Do you need to document how many times your work has been cited? Scholars in the humanities need to hunt in several different places to try to track down citations. Here are a few that UNLV Libraries offers access to:
Arts & Humanities Citation Index (choose the Cited Ref search)
Pros:
• Allows you to track which journal articles cite a particular article, and get an automatic alert when new citations are added
• Systematically searches lists of works cited for articles published in the core literature of each discipline
• Includes fancy tools that let you graph an article’s (supposed) influence for articles published in the social sciences or science (data is not collected about humanities articles, so the "impact factor" does not apply)
Cons:
• Does not index bibliographies in books - you can see if your book has been cited in articles, but citations are not indexed from monographs.
• Extremely fussy search rules – uses only author first initial or first and second initial
• Web of Knowledge tools are calibrated for use in scientific disciplines
Google Scholar
Pros:
• Includes articles from JSTOR and other major commercial collections that you can access by setting UNLV as your home institution in the preferences
• Picks up conference papers, preprints, web pages, and other “grey literature” that may not make it into standard indexes
• Includes cited references for books BUT their cited reference system only searches what’s available to Google Scholar
Cons:
• Only Google knows what’s in there and they aren’t telling
• Hard to narrow down a search to core literature in a field; try the advanced search options to limit search to broad subject area ("Social Sciences, Arts, and Humanities")

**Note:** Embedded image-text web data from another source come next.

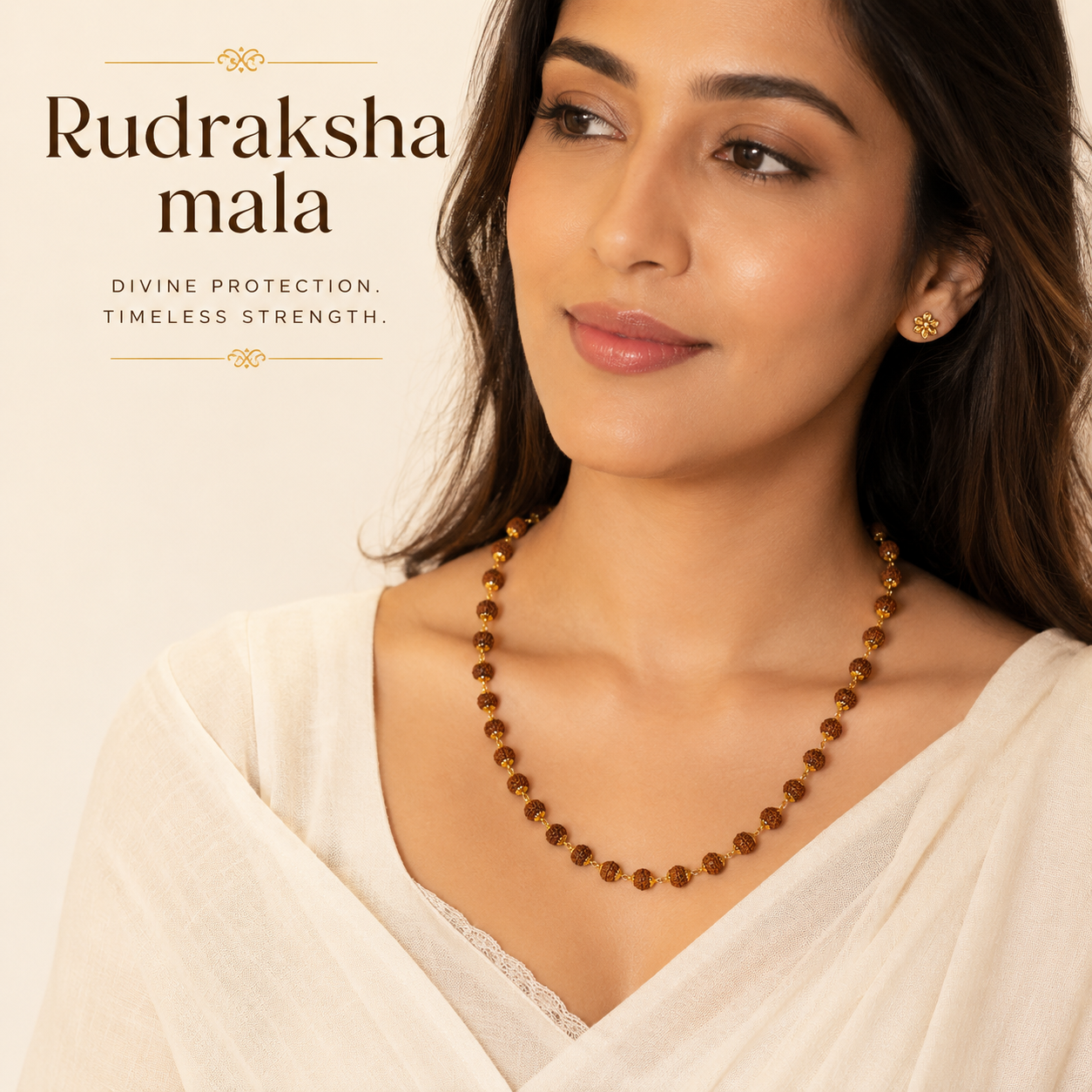 Gold Colour Rudraksha Mala – 54 Beads | Premium Spiritual Prayer Mala | Meditation, Japa & Daily Wear | Sacred Hindu Mala for Men & Women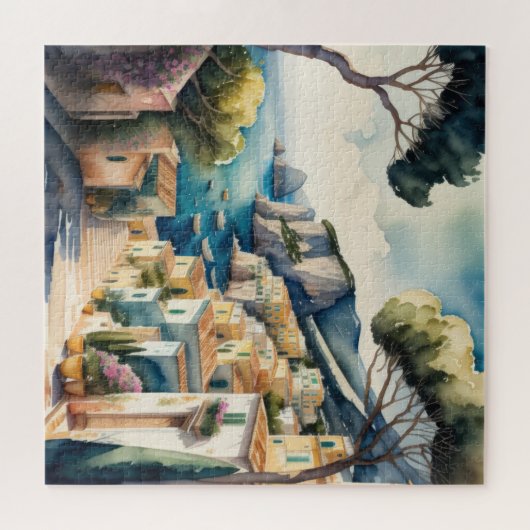 欧州市絵画の水彩画地中海の色 ジグソーパズル (横)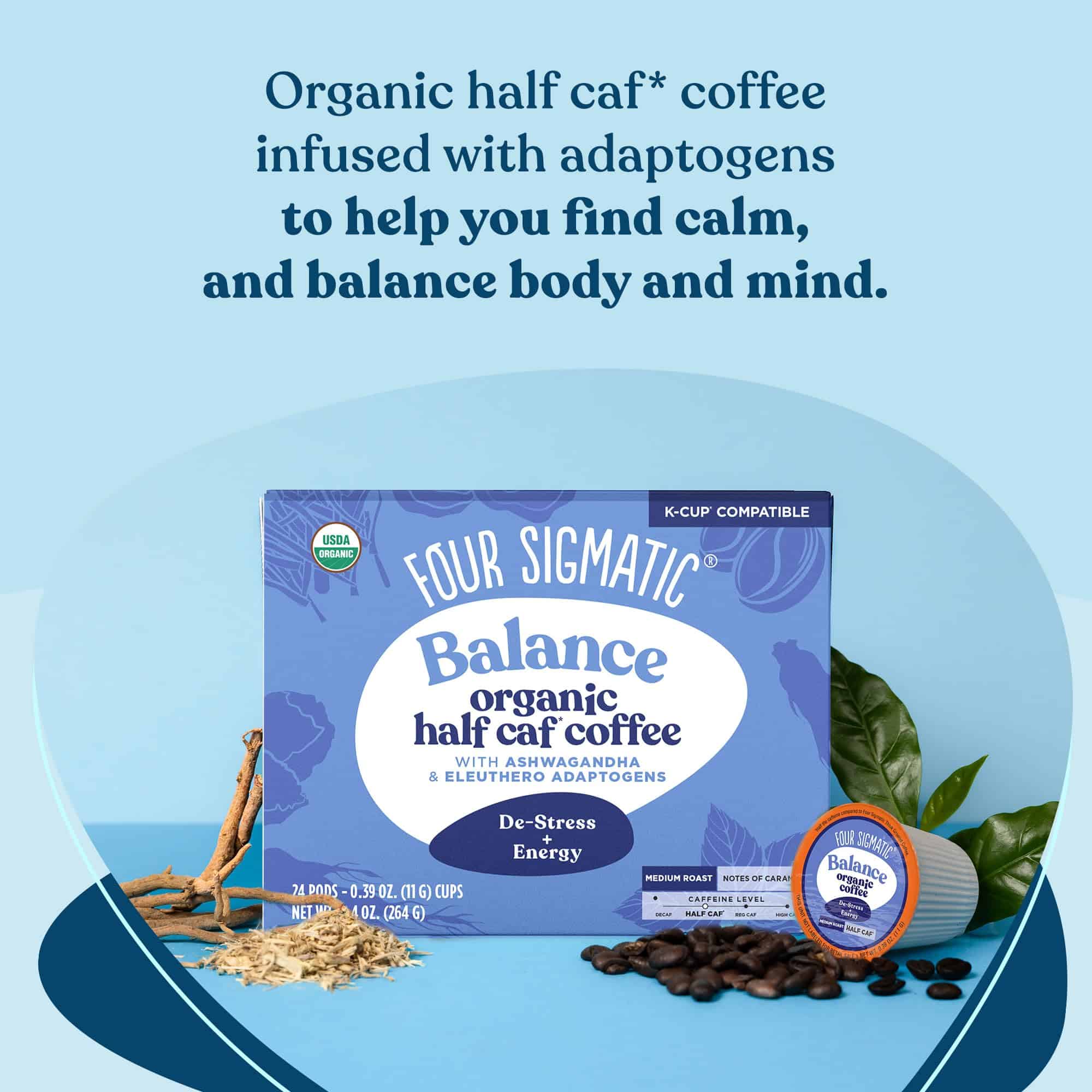 Four Sigmatic Adaptogen Coffee K-Cups, Organic Medium Roast Ground Coffee, 24 Count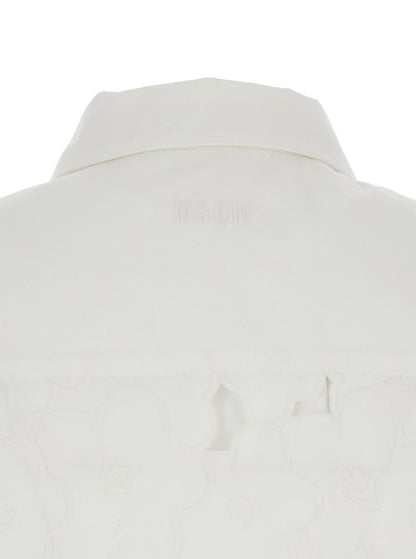 White Shirt With Classic Collar And All-Over Perforated Details In Cotton Woman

• Links to books may show 1-2 pages but will not reveal the whole book
Scopus
Pros:
• easier to use than AHCI
Cons:
• limited coverage in the humanities
Citation indexes don't systematically harvest items that have been cited in book chapters and books in most disciplines. Here are a few places you can search through the full text of published books:
Booksearch x 3 runs a simultaneous search in three major searchable book collections: Amazon A9, Google Books and MSN Live Book Search. This is a keyword search so I recommend searching variants of your name in quotation marks ("priscilla finley" "finley, p.") with a keyword from your book or article title if needed.
The same strategies can be effective in ebrary and netLibrary, which search a selection of recent academic titles.